Sure must be nice to be able to do that.

But since we can’t, we have to develop an entirely different set of skills. Four come to mind.

1) We learn how to say to someone, “I’m sorry. Please forgive me.”

Anyone who has not learned to utter those two brief sentences–and to do so without propping them up with blame and excuses and justifications–that person goes forward into life with a string of broken relationships littering his pathway.

2) We learn to say, “It’s okay. I forgive you.”

I heard of a fellow who said, “I never forgive,” to which an acquaintance said, “In that case, I hope you never sin.” Scripture says, “Freely you have received; freely give.” (Matthew 10:8)

3) We are driven to pray for the Lord to go before us and lead us in the path of righteousness so that what we say and do today will not need amending, tampering with, tweaking, cleansing or correcting.

4) We learn to go forward in spite of yesterday’s failures.

In fact, if we handle it right, we learn more from the failures than from our successes, so they can actually be a blessing in disguise.

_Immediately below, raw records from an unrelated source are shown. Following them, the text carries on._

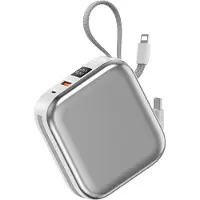 Wiwu Powerbank 10000mAh - Type-C en Lightning kabel - Draadloos opladen - Digital display - Wit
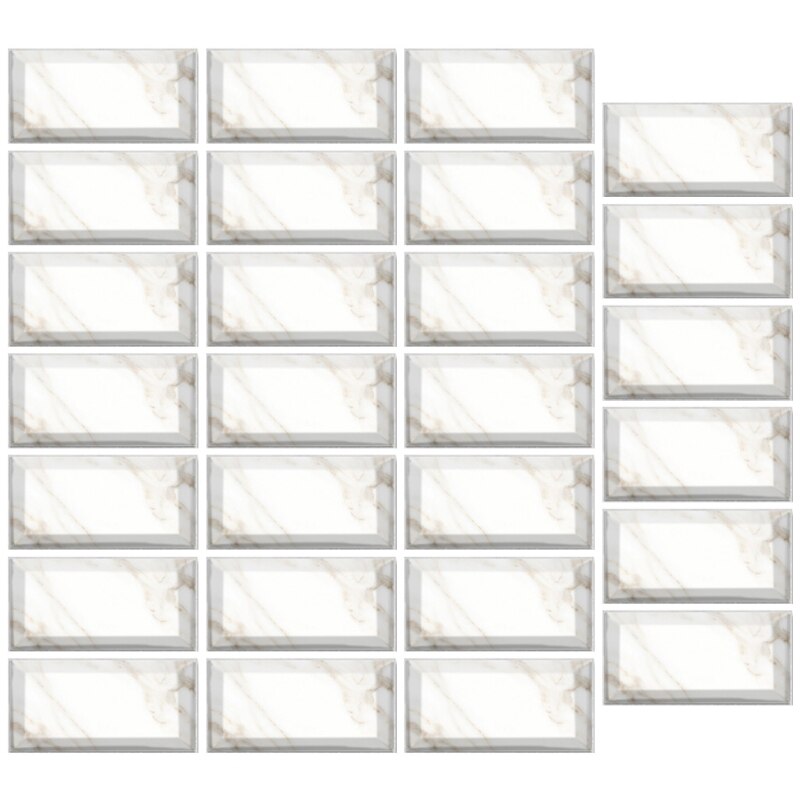 27pcs 3D Tile Stickers Self Adhesive Kitchen Floor Wall Sticker Bathroom Decor H051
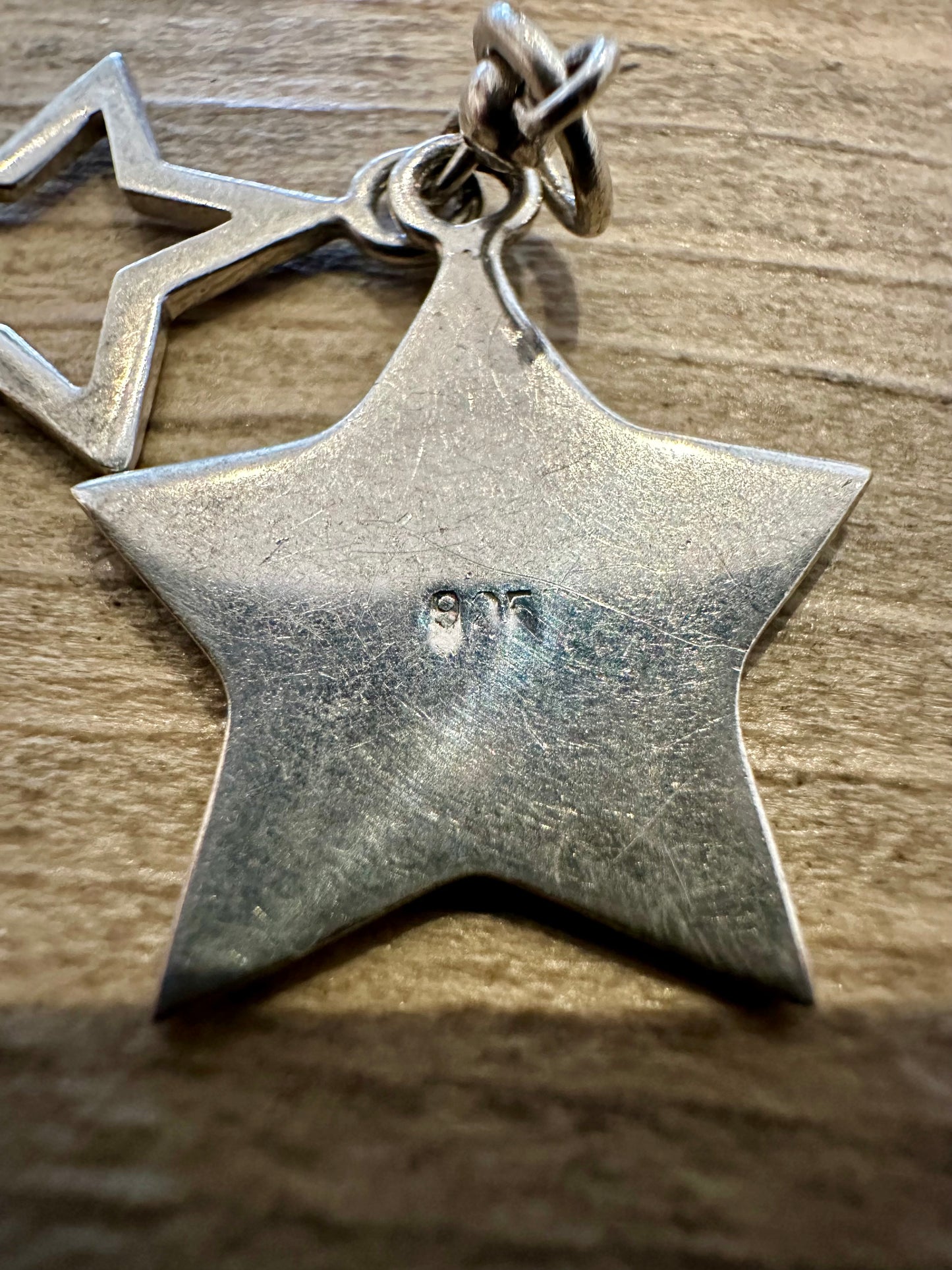 Vintage Double Star 925 Silver Pendant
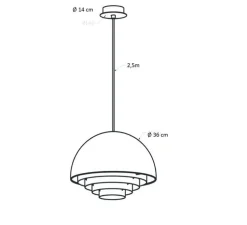 Suspension, Motown M, blanc, Ø36cm, H24,5cm - Herstal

This is why someone has called failure “the back door to success.”

In the outstanding 139th Psalm, David prayed, “Search me and know my heart. Try me and know my thoughts. See if there be any wicked way in me and lead me in the way everlasting.” (verses 23-24)

If that’s not saying, “Tweak me, O Lord,” I don’t know from nuthin’.

One thought on “The Fine Art of Tweaking

  1. Amen. Being fallible creatures, we all need tweaking. The only exception is that when we are Spirit filled and led, we will say and do, What our Lord has willed for us to do.

    Without the Lord’s intervention, all we say or do is wrong, and unacceptable.